— What the task requires —
Copy out exactly the lines from the start of the data to the line containing "Kick-Ass Lesson Plans". Include both.

(Data entries)
━━━━━━━━━━━━━━━━━━━━

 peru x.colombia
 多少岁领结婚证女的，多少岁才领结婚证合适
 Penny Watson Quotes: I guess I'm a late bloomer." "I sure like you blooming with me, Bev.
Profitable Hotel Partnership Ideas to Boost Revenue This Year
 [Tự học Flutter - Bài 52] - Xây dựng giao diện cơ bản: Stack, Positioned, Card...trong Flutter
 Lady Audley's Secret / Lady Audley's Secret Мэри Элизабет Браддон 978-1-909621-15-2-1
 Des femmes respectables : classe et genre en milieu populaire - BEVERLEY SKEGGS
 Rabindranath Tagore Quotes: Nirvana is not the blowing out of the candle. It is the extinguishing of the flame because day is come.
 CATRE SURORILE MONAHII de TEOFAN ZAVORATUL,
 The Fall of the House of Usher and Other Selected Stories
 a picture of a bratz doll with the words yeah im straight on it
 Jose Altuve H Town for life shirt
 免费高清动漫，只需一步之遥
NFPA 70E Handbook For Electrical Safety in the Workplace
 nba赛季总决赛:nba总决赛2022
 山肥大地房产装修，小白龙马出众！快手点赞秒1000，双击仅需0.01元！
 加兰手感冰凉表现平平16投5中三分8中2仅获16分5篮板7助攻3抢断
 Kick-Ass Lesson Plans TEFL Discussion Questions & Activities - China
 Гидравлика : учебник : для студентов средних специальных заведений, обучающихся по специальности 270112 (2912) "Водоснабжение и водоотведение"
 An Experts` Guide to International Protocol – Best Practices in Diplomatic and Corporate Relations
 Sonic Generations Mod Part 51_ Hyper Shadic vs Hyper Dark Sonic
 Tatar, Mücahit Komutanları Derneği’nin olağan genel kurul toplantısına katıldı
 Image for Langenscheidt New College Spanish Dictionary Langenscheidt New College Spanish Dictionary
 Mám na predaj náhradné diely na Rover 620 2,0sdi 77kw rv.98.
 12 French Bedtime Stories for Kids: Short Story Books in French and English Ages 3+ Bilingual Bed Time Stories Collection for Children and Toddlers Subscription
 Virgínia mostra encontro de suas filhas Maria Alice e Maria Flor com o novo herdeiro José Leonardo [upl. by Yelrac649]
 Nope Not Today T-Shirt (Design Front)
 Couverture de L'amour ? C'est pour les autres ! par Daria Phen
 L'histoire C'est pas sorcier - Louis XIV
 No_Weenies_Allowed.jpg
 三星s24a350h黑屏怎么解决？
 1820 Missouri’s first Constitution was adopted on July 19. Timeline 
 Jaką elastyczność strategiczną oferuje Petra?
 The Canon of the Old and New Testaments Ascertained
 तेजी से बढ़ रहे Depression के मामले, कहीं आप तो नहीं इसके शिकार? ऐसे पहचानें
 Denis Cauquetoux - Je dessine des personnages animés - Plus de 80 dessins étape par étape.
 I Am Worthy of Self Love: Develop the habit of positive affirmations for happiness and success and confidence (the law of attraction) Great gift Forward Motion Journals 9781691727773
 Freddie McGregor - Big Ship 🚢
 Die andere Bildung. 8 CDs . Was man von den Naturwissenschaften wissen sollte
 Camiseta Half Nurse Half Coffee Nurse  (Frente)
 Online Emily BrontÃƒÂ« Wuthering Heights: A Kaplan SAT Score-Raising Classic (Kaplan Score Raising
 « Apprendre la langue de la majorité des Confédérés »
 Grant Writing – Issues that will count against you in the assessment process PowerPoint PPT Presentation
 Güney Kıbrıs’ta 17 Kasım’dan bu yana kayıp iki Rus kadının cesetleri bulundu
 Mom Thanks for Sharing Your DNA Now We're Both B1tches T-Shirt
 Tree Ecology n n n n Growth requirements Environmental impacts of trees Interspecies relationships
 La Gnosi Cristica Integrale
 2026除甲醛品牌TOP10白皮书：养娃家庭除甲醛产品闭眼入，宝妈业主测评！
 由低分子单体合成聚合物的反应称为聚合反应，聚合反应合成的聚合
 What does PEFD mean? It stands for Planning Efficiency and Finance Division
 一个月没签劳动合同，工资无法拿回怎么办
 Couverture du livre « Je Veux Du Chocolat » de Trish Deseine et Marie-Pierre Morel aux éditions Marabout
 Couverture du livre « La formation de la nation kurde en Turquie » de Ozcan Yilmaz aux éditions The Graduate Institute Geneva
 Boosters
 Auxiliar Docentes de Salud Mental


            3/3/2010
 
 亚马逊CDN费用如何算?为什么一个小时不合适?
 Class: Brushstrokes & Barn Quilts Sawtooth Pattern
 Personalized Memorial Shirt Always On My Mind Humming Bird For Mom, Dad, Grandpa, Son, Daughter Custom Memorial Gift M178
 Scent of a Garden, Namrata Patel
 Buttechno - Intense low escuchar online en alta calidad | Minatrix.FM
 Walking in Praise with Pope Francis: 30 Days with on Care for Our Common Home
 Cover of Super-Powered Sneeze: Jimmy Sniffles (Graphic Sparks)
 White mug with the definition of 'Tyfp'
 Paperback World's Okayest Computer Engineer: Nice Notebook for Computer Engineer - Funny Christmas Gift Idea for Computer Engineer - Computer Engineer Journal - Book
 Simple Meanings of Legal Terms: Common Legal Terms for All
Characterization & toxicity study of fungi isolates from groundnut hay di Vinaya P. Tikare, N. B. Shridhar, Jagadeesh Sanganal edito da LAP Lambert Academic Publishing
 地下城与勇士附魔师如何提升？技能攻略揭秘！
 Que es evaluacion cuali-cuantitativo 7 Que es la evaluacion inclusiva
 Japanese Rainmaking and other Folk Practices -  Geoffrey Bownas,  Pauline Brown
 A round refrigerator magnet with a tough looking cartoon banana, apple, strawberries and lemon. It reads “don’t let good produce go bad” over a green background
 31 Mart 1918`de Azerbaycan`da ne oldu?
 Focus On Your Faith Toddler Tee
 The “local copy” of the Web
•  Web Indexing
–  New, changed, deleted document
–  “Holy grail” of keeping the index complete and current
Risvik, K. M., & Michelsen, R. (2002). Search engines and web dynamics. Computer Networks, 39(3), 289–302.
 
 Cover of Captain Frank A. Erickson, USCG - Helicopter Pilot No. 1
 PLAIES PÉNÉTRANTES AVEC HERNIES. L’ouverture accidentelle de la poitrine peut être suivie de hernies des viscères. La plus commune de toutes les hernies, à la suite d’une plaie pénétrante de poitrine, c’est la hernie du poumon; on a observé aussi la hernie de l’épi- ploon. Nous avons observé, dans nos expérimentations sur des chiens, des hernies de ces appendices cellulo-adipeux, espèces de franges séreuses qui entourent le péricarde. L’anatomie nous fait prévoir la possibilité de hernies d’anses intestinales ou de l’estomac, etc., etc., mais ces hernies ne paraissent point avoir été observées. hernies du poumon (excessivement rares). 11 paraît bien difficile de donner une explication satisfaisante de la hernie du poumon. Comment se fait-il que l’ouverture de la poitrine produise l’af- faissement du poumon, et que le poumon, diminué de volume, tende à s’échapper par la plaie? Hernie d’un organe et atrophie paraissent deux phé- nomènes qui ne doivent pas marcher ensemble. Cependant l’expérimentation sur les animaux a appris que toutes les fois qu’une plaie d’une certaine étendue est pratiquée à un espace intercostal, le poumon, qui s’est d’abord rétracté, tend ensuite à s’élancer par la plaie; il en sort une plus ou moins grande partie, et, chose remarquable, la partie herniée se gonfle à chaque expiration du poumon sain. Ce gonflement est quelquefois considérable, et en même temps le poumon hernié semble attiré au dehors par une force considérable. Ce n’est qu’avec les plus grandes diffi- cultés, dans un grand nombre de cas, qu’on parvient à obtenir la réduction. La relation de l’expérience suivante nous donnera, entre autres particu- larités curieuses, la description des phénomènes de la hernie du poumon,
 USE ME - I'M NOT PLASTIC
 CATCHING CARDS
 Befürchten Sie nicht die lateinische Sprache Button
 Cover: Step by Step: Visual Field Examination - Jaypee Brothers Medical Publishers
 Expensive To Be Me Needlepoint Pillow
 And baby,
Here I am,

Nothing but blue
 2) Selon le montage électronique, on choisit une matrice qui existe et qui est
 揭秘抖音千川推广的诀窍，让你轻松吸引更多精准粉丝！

━━━━━━━━━━━━━━━━━━━━

— Answer space —
 peru x.colombia
 多少岁领结婚证女的，多少岁才领结婚证合适
 Penny Watson Quotes: I guess I'm a late bloomer." "I sure like you blooming with me, Bev.
Profitable Hotel Partnership Ideas to Boost Revenue This Year
 [Tự học Flutter - Bài 52] - Xây dựng giao diện cơ bản: Stack, Positioned, Card...trong Flutter
 Lady Audley's Secret / Lady Audley's Secret Мэри Элизабет Браддон 978-1-909621-15-2-1
 Des femmes respectables : classe et genre en milieu populaire - BEVERLEY SKEGGS
 Rabindranath Tagore Quotes: Nirvana is not the blowing out of the candle. It is the extinguishing of the flame because day is come.
 CATRE SURORILE MONAHII de TEOFAN ZAVORATUL,
 The Fall of the House of Usher and Other Selected Stories
 a picture of a bratz doll with the words yeah im straight on it
 Jose Altuve H Town for life shirt
 免费高清动漫，只需一步之遥
NFPA 70E Handbook For Electrical Safety in the Workplace
 nba赛季总决赛:nba总决赛2022
 山肥大地房产装修，小白龙马出众！快手点赞秒1000，双击仅需0.01元！
 加兰手感冰凉表现平平16投5中三分8中2仅获16分5篮板7助攻3抢断
 Kick-Ass Lesson Plans TEFL Discussion Questions & Activities - China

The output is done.